## Available records

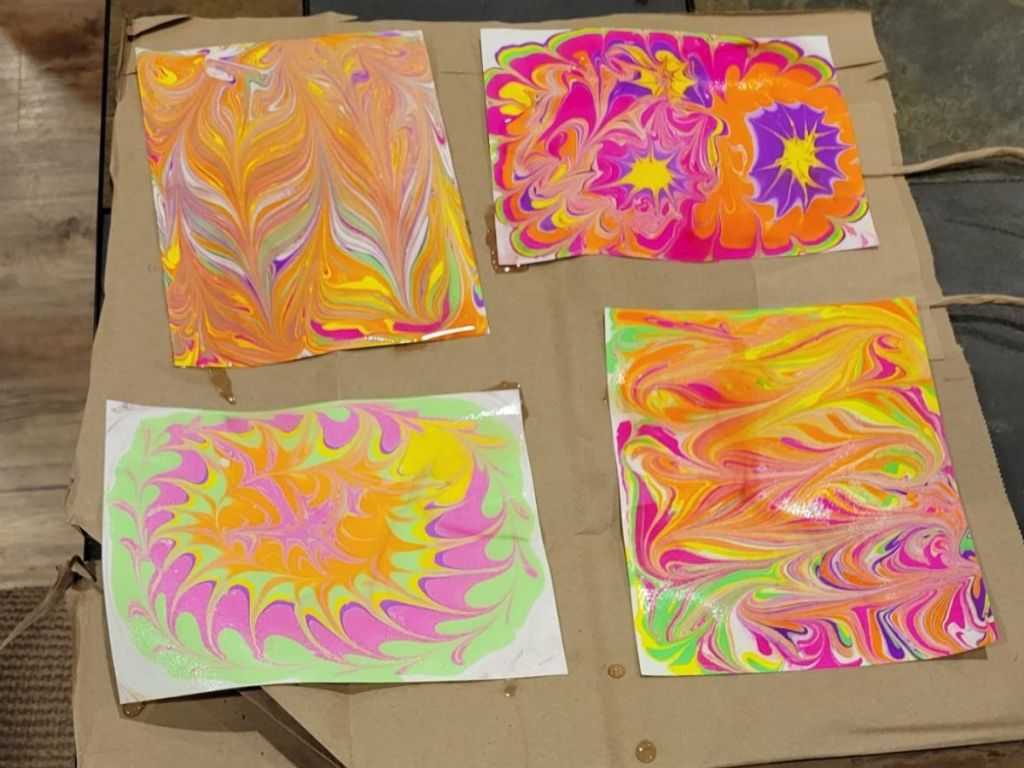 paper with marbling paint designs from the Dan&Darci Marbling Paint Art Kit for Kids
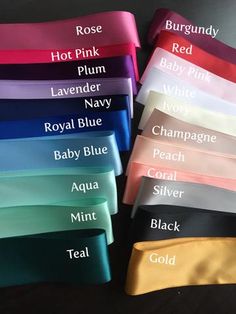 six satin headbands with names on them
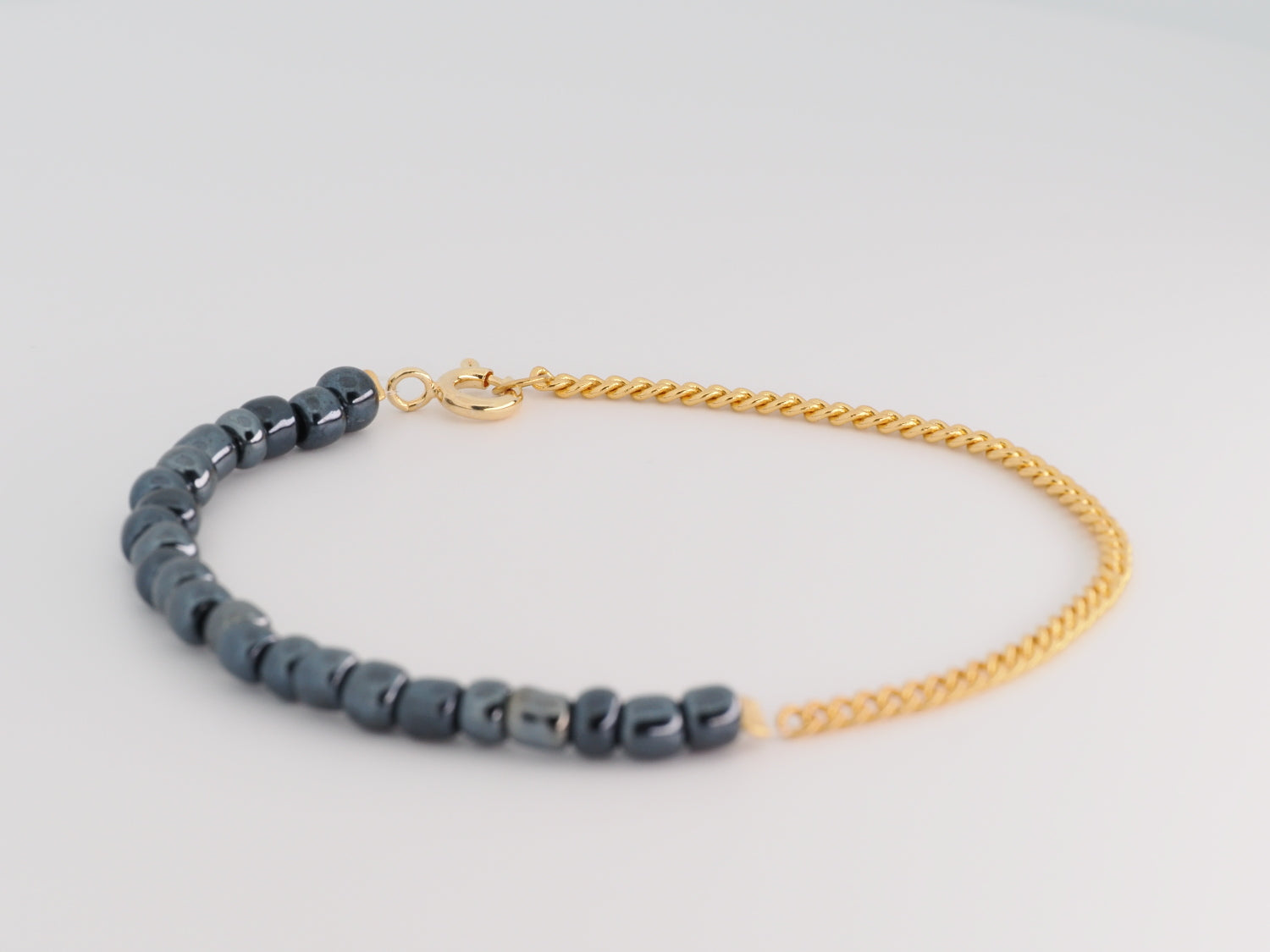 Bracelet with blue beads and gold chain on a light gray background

==

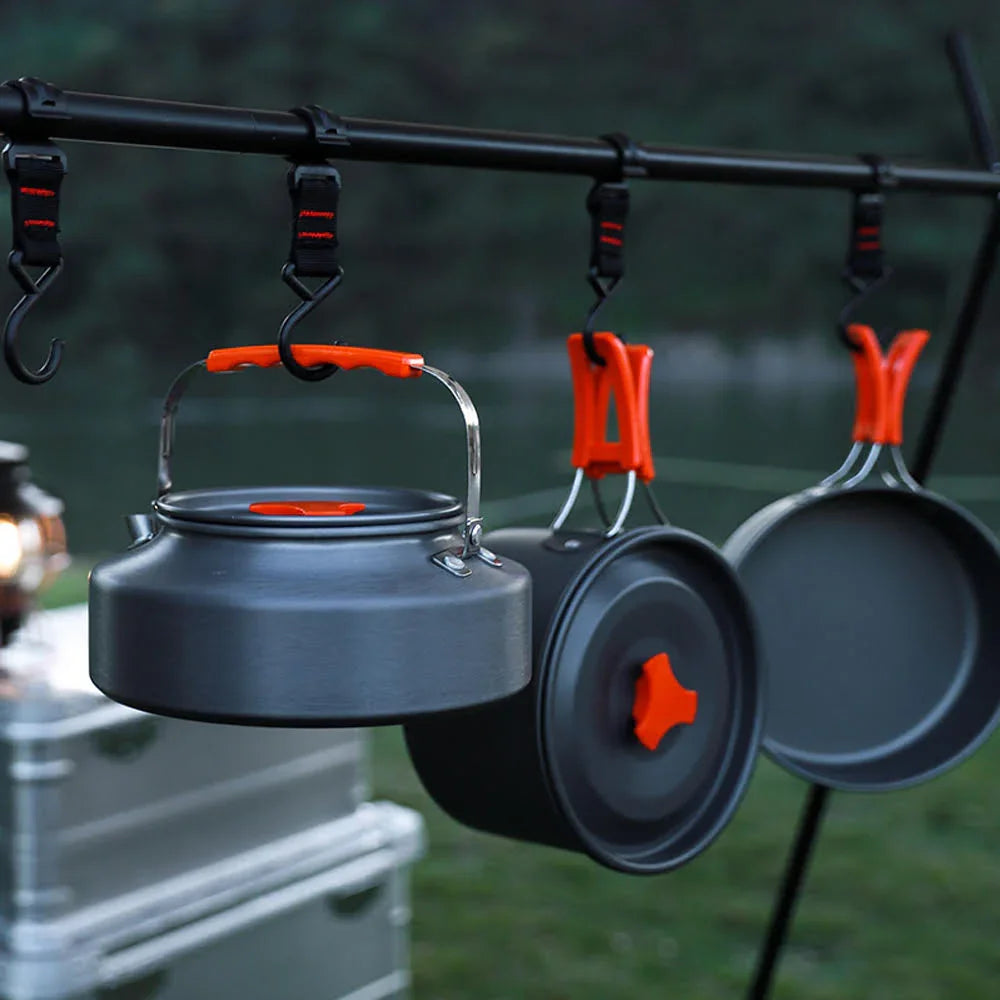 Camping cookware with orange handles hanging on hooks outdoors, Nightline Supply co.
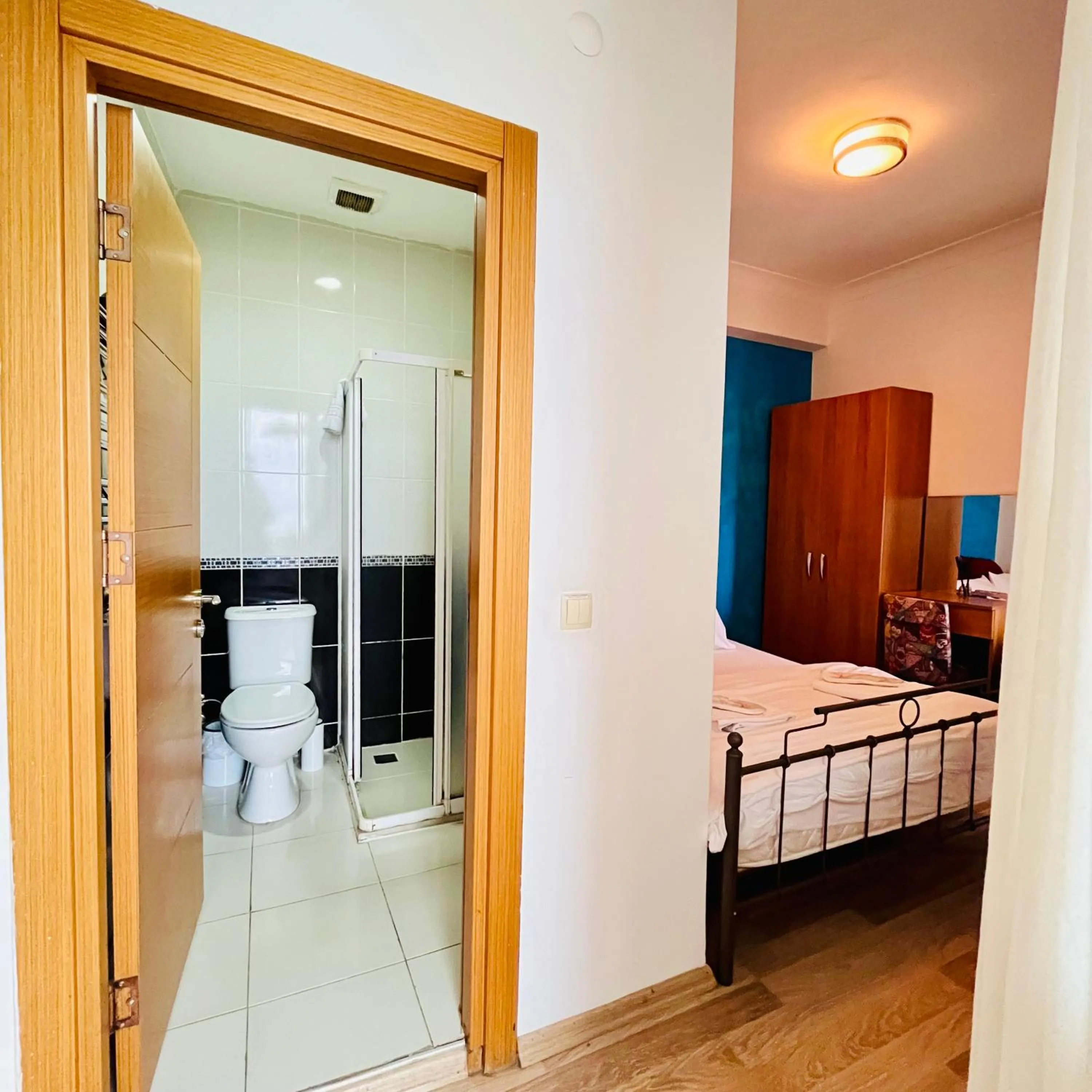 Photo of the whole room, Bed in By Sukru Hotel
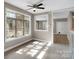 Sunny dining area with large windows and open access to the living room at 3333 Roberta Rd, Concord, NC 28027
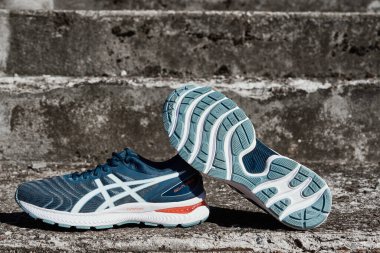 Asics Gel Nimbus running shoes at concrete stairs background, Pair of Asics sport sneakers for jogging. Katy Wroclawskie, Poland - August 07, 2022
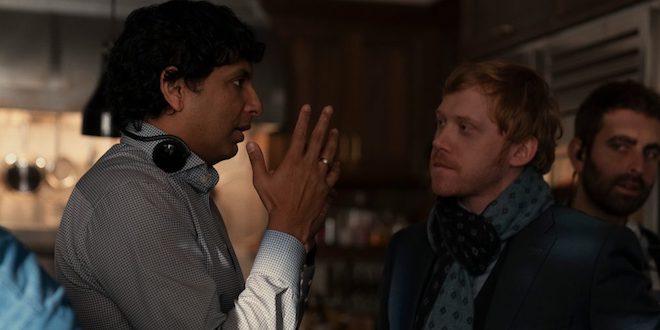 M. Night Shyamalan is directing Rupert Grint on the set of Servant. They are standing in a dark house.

## Exercise prompt
Print everything from the line with "paper with marbling" down to the line with "Bracelet with blue" in the entries above, both lines included and nothing more, without the pictures.

## Exercise solution
 paper with marbling paint designs from the Dan&Darci Marbling Paint Art Kit for Kids
 six satin headbands with names on them
 Bracelet with blue beads and gold chain on a light gray background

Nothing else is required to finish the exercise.